##### LISTED RECORDS #####
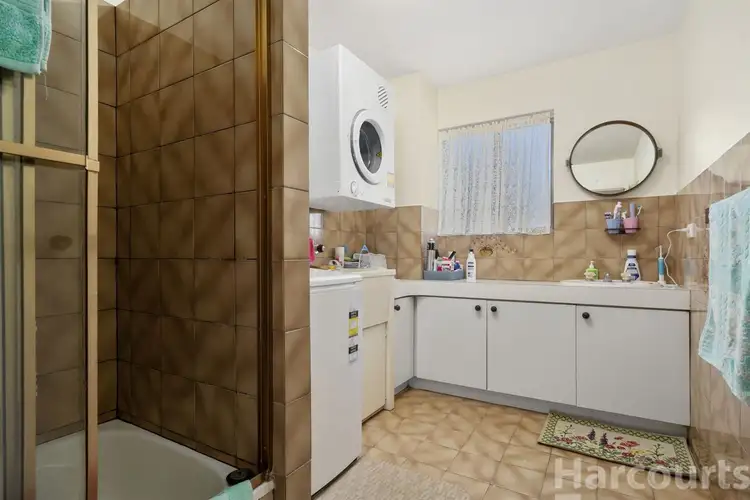 Fourth view of Homely unit listing, 2/119 Sylvan Beach Esplanade, Bellara QLD 4507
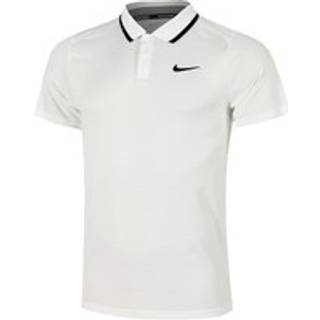 Nike DF Advantage Polo*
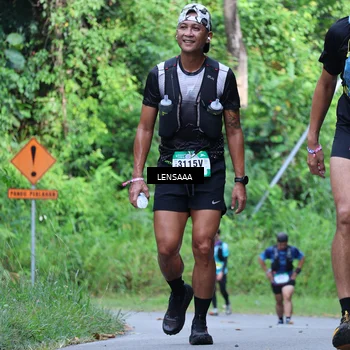 Runner Photo 5175252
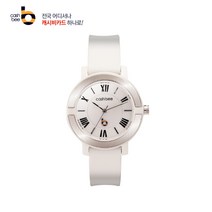 No420/CB16426FW/교통카드시계/캐시비/이비카드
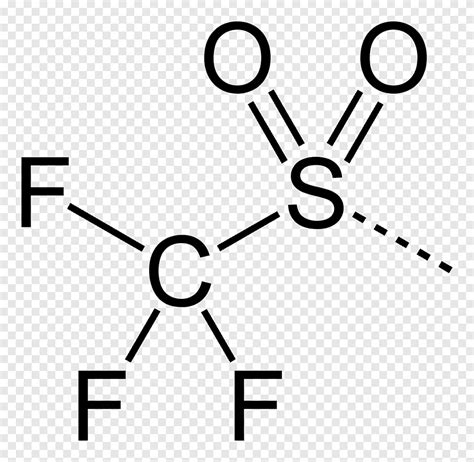 Functional Group Isocyanate Inorganic Chemistry Sulfonyl Angle White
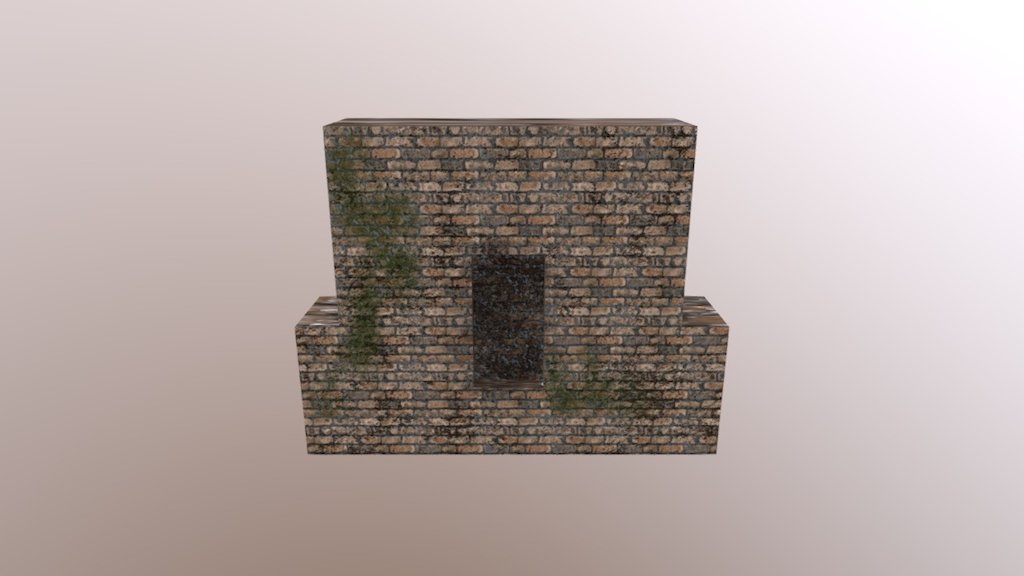 mftop thing
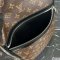 Louis Vuitton Michael Backpack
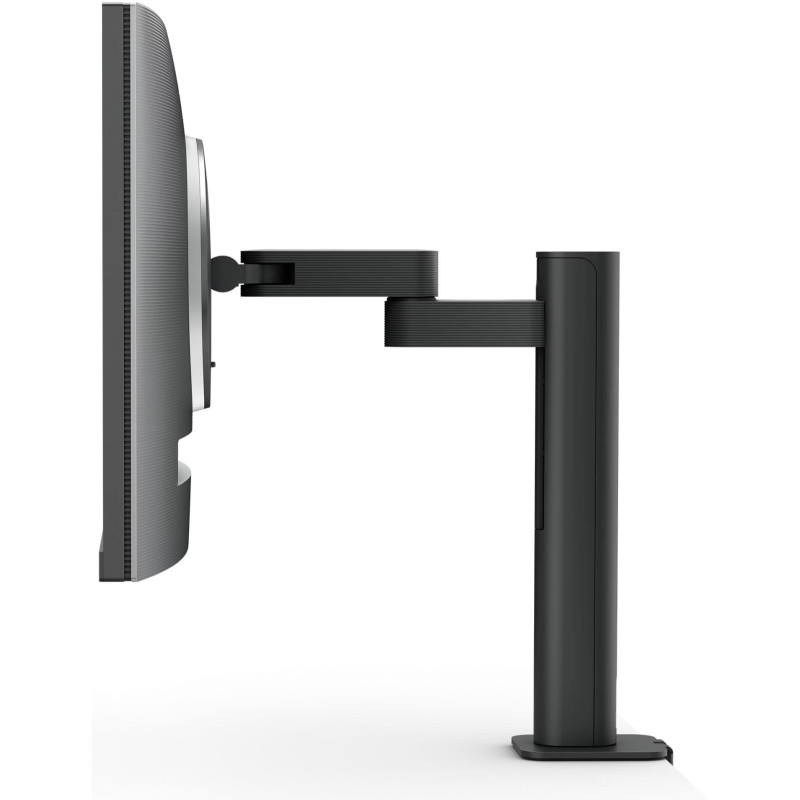 Монітор BENQ RD320UA Metallic Grey (9H.LMTLA.TBE)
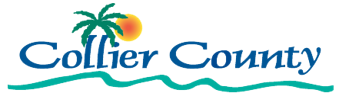 collier county bill pay
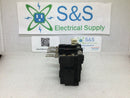 Westinghouse Ba23a Thermal Overload Relay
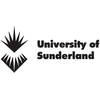 University of Sunderland Logo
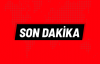 Mersin Serbest Bölgesinde çıkan yangın korkuttu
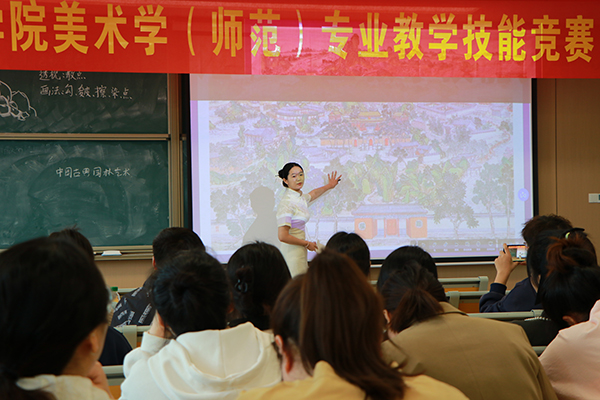 2138acom太阳集团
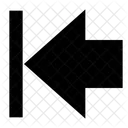 Pfeil  Symbol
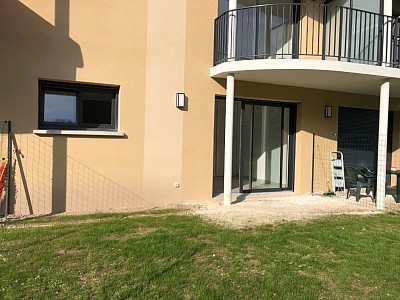 STUDIO LOUE FONTENAY TRESIGNY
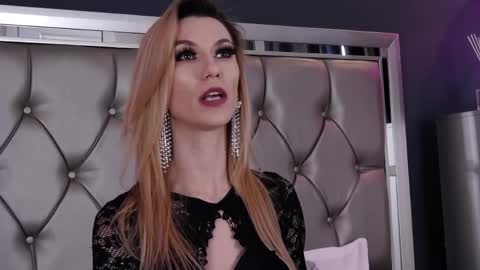 Maya online show from April 3, 2026, 10:57 am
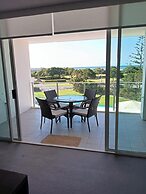 Kirra Surf Apartments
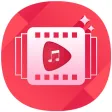 SlideShow Music-Photo to Video
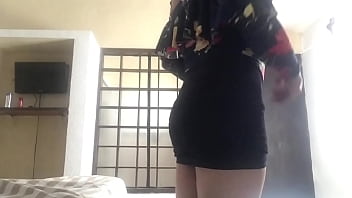 Nena Trasvesti thumbnail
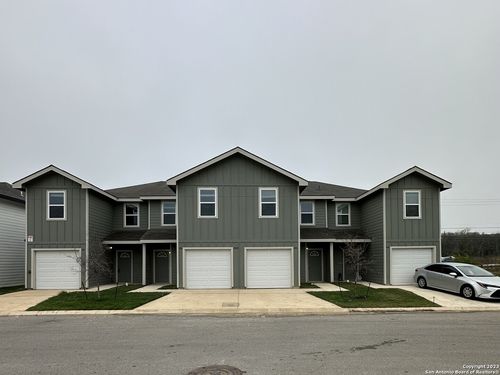 unit-104-9919 Grove Mist, San Antonio, TX, 78233-4839 | Card Image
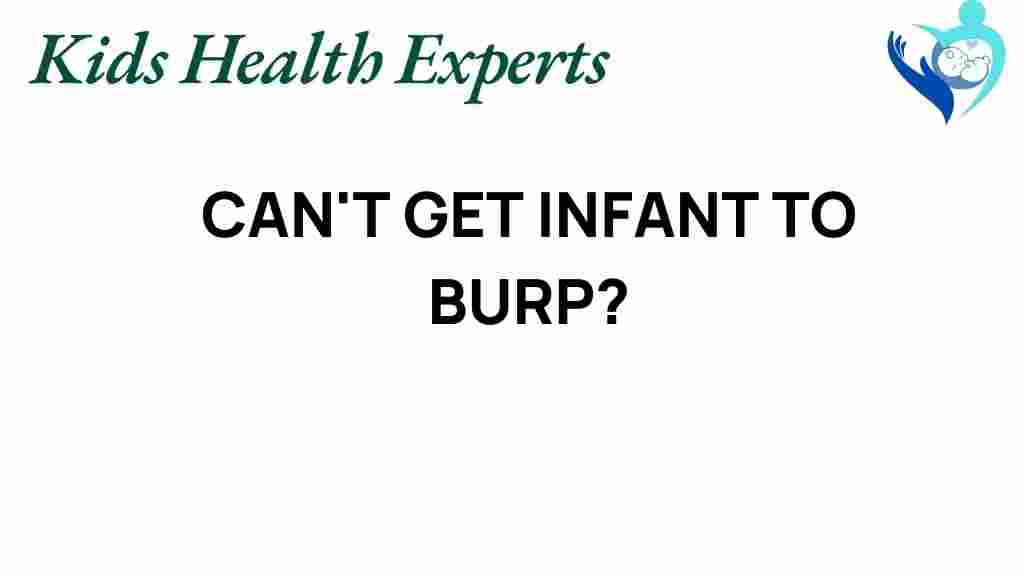 infant-burping-secrets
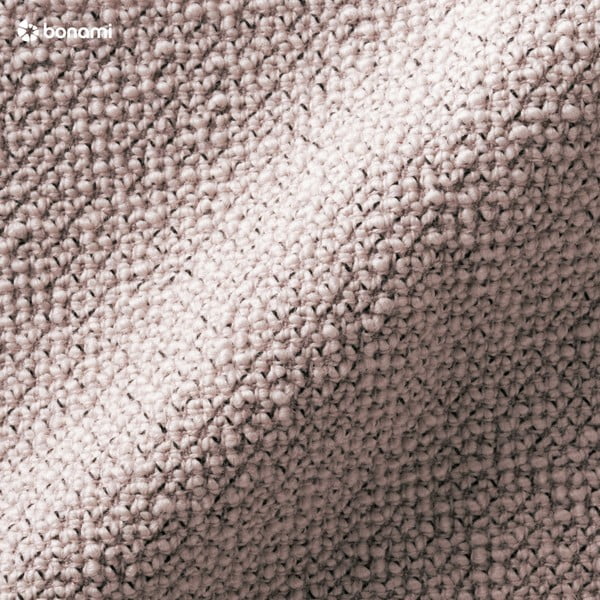 Bež volnen tabure EMKO Naïve-image-4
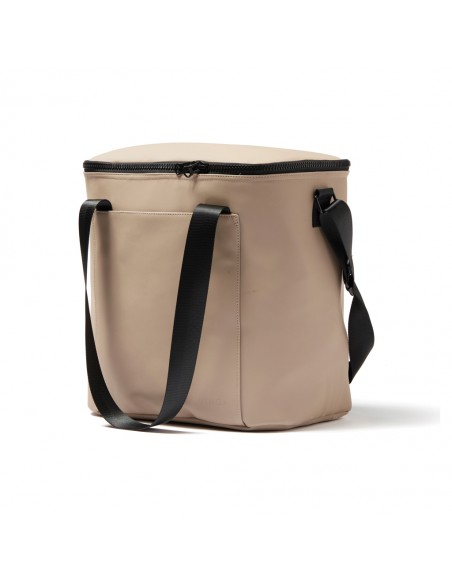 VINGA Baltimore køletaske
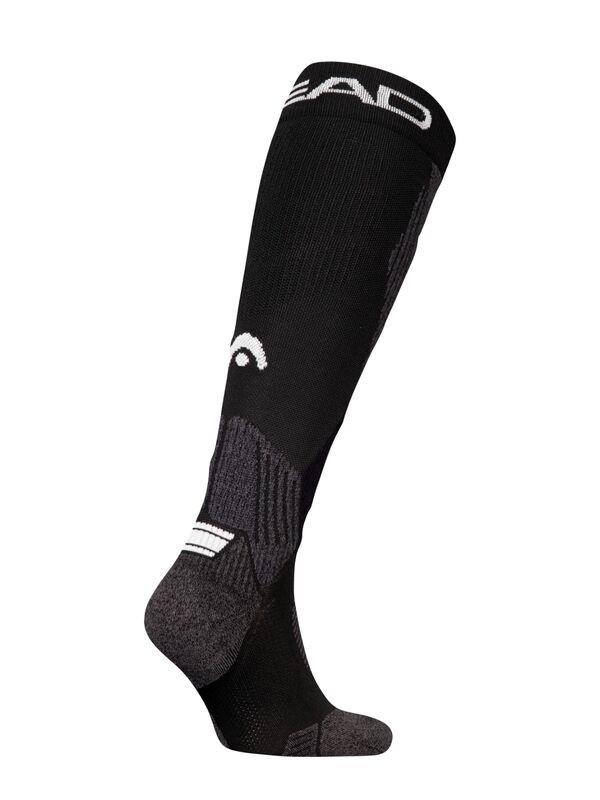 Head Ski Racer Chaussettes de ski  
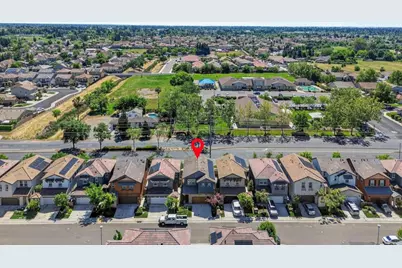 9058 Albarino Way, Sacramento, CA 95829 - Photo 55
#####
- [EXERCISE OBJECTIVE]: Return the lines exactly as they stand, from the start of the entries through the line holding "mftop thing"; omit the pictures.

- [YOUR SOLUTION]:
 Fourth view of Homely unit listing, 2/119 Sylvan Beach Esplanade, Bellara QLD 4507
 Nike DF Advantage Polo*
 Runner Photo 5175252
 No420/CB16426FW/교통카드시계/캐시비/이비카드
 Functional Group Isocyanate Inorganic Chemistry Sulfonyl Angle White
 mftop thing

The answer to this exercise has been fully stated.